Arsenal: Wenger says Fifa and Uefa will ruin the English game

24 September 2009 | By Adam Fraser

Arsene Wenger, coach of English soccer club Arsenal, has spoken out against Fifa and Uefa's plans to further limit the movements of young players, warning that the regulations, combined with the English FA's rules, will make it impossible for clubs to develop young talent.

"We are being rewarded for our youth policy over the years, but with the new rules coming in, it will make that policy virtually impossible," said Wenger, after Arsenal's young players beat West Bromwich Albion in the League Cup.

"If you cannot add any players under the age of 18, and on top of that English clubs are limited to bringing in young players who live less than 90 minutes from the training ground, how can we produce home-grown players? It's vital that this rule is not implemented because English clubs would have a domestic limitation and a foreign limitation, making it harder to produce home-grown players.
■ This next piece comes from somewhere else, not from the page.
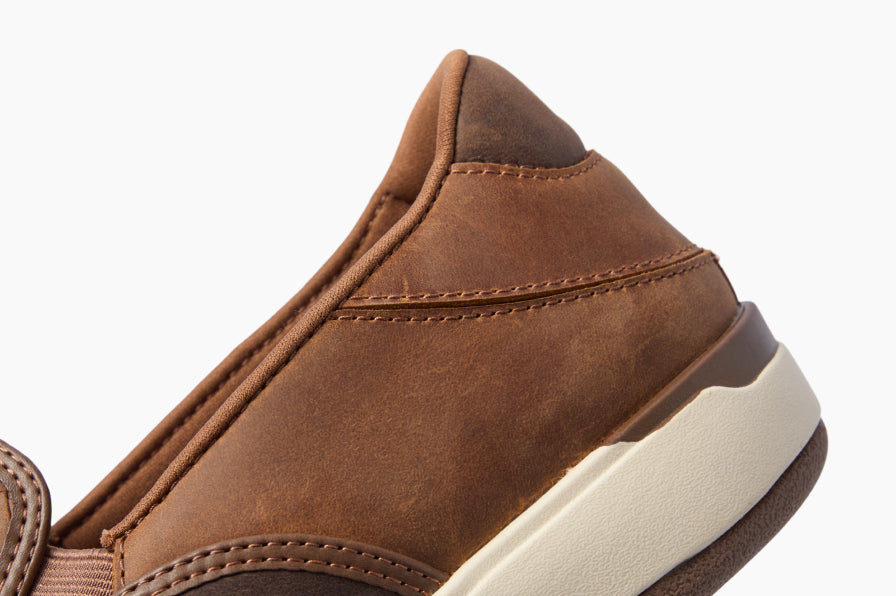 Close-up of a brown shoe facing left, showing its stitched upper and cushioned layered sole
"In England we accumulate disadvantages. We cannot buy outside our 90-minute radius. We cannot take a player from Asia, North or South America, Africa, Serbia or Croatia, who are not EU."

Wenger has also expressed concern that the strength of the euro against the pound and the rising tax rates in the UK will make it more difficult to attract top-class players to the Premier League.

"What can we do?" he asked. "We can only pray that somebody next to London Colney is as gifted as Maradona and says, 'Can I play for you?' We want to be the best league in the world and that is why we have to open the doors to the best players. The first signs, with Ronaldo and Kaká going to Spain, are not very good for us."